Amid pressure from Feds, California Courts to make interpreters more available by 2017

California is the most populous state in the U.S. and is incredibly diverse.  Spanish is the state’s second most spoken language.  Latinos make up 40% of the state’s population, and 25% of people in California cite Spanish as their primary language.  Mandarin is spoken by 2.6% of the population. Tagalog is spoken by 2.0%, Vietnamese by 1.3%, and Korean by 0.9%. Armenian, Japanese, German, and Persian are spoken by 0.5% each.

Currently, the California state court system only provides translators in certain proceedings.  All California courts provide translators in criminal proceedings.  Some courts in California provide translators in Domestic Violence proceedings and child support matters involving the Department of Child Support Services (but this varies by location).  What that means is that a non-English-speaking person looking to become divorced or acting as a party in a domestic violence restraining order proceeding may not have a certified translator.  That could result in the use of a family member, friend, neighbor, or having the opposing party try to translate.  Asking the opposing party to translate is a bit like asking the fox to guard the hen-house.  Many times, in domestic violence restraining order proceedings–there can be quasi-criminal and constitutional ramifications, including the loss of one’s Second Amendment rights.  These are important matters that deserve clear testimony and communication.
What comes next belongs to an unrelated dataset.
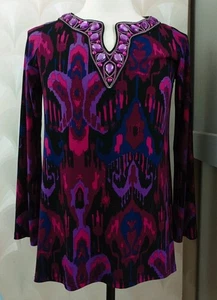 Bob Mackie Wearable Art Tunic Jewel XS Purple Pink Party - Picture 1 of 7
The U.S. Department of Justice has noticed.  Under pressure from the DOJ, The Judicial Council of the State of California announced a plan to provide translators in all cases by 2017.

Unfortunately, this comes at a time that the Courts’ budgets are strained.  Mediation offices are understaffed, causing child custody motions to be heard months after they are filed.  Clerks are overworked.  Services hours have been cut (most Court services were cut to a 3:00pm closing time, whereas most offices were formerly open to 5:00pm).  Many new case filings take a week to be processed instead of the same day.

Increased availability of translation services ensures the furtherance of justice by making sure that litigants are able to convey their testimony and understand their rights; however, we have to cross our fingers that these services coming to a Court near you in 2017 won’t result in other important services being cut even further.